My wife and I are in the military. She deployed 2 weeks ago. The Friday before she deployed we did our car registration and she asked about taxes. I told her it looks like we will be filing married, but single because we had not time left before she left. She was pissy about that, but she did not plan accordingly and we started arguing. During this she says if this is how I am trying to win her back it's not working. 

Later I invited her to see the dogs before she left. She was on the couch and I asked her if she could write a note stating that she wanted the divorce (filed joint). She said, "no and why do I want that." I told her 5 years down the road I do not want to look back and say the Joint divoce paperwork is where I gave up. She told me that she did not give up on the marriage. I was shocked and said, "if you did not give up and I did not give up why are we getting a divorce?" She said, "Sometimes marriages don't work out (been married 16 years)."

Is she playing with my emotions, hinting to me to chase after her or is she confused. I know that I am.

Can a marriage end if both people don't give up on it?


----------



## Mamatomany (Jan 10, 2012)

Could it just be nerves of deploying?


----------



## hisfac (Feb 10, 2012)

She doesn't want to think of herself as a failure so she's putting all the blame on a "thing", that thing being "the marriage" and it seeming to be a matter beyond anyone's control, as in these things just sort of happen and it's no one's fault, and in a way that's sort of true. People just grow apart, I believe human beings are capable of serial monogamy but with time limits much shorter than say, 15 to 20 years. It just..gets.. old. 

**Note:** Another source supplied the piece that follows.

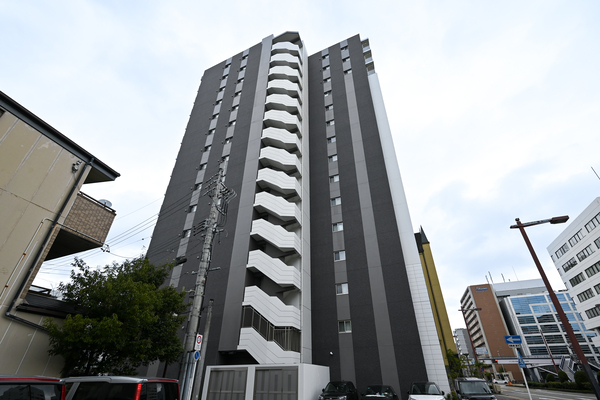 【プレサンスロジェ千種内山】外観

Don't look into it anymore than that, she's not looking to suddenly tear up the divorce papers and jump right back into your arms.


----------



## jumpman09 (Dec 12, 2010)

Mam- could be, but it's no where dangerous. 

hisfac- growing apart is part of love. It's a cycle. Our marriage issues are fixable if she wants to fight for it. I retracted my signature and put everything in her court. I emailed her and told her that I didn't want to make any assumptions so I asked her one final time does she want a divorce. 1 week later no answer, you think she would at least tell me what she wants from me. She told our friend the reason we are getting divorce was because we were both miserable last year and something had to change.


----------



## Mamatomany (Jan 10, 2012)

jumpman09 said:


> Mam- could be, but it's no where dangerous.
> 
> hisfac- growing apart is part of love. It's a cycle. Our marriage issues are fixable if she wants to fight for it. I retracted my signature and put everything in her court. I emailed her and told her that I didn't want to make any assumptions so I asked her one final time does she want a divorce. 1 week later no answer, you think she would at least tell me what she wants from me. She told our friend the reason we are getting divorce was because we were both miserable last year and something had to change.

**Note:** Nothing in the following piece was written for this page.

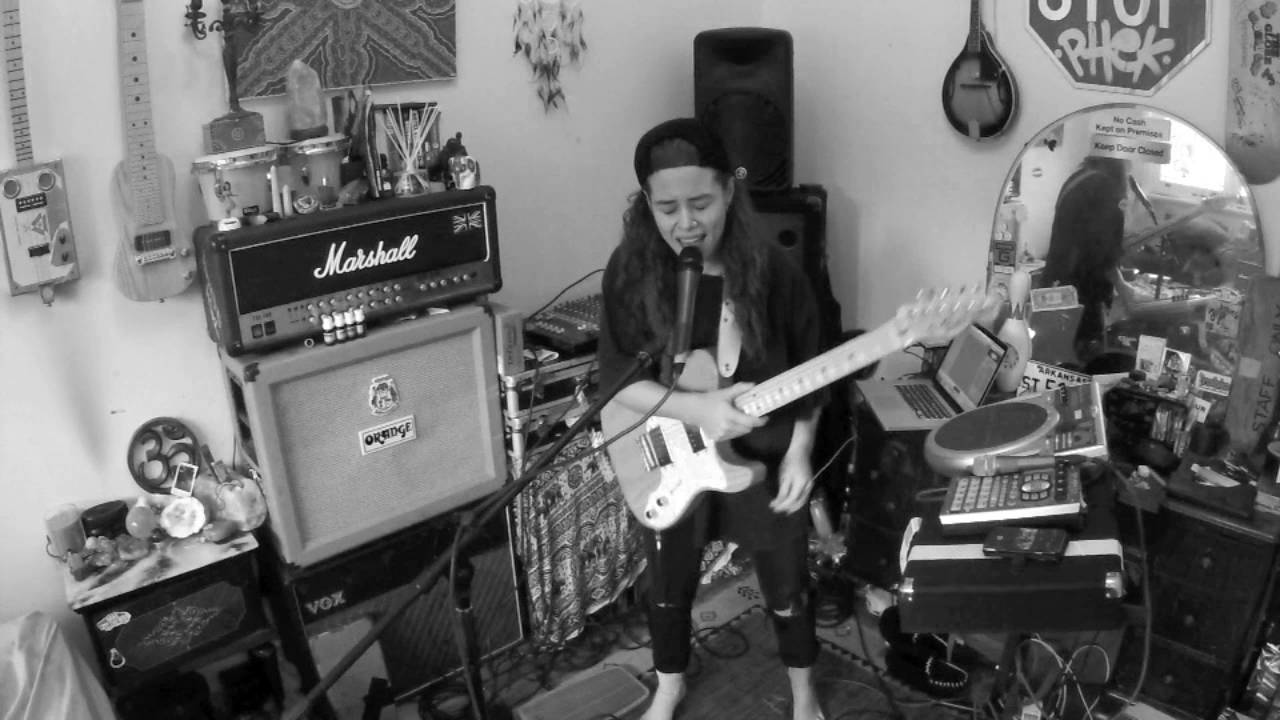 TASH SULTANA- BIG SMOKE (LIVE BEDROOM RECORDING)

- Remote tours still make people nervous (I've been there).
It also might be giving you an 'out' if you wanted or maybe she wanted an 'out' the tour allows for excuse. Her getting pissy and then deploying just makes me think that... 

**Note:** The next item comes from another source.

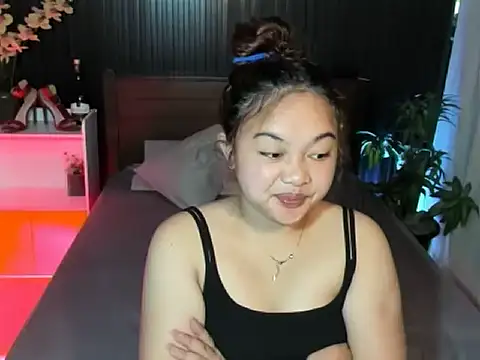 Snapshot of UrFavouriteCravings chatting on October 2025 12:22:02 AM UrFavouriteCravings online show from October 2025 12:22:02 AM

Marriage definitely has it's ups/downs and is very cyclical - it just takes two people (not always at the same time) to work on it, but being apart can help/hurt a marriage.


----------



## jumpman09 (Dec 12, 2010)

Mam- She is in Kuwait for 6 months. We have spent a lot of time apart since she came into the military. I don't know what is going through her head. All her actions with the marriage seems illogical and immature. She says one thing, but her actions show another. She is 34 hanging out with mid 20's single people. I am pretty sure that they are giving her advice. Even when I gave her the courtesy of telling her that I pulled my name from the paperwork she did not respond. I don't know why she is ignoring me or is she thinking things over. All I know is she recieved the last email from me for a while. I need to continue improving myself. I will always be there to pick her up when she falls.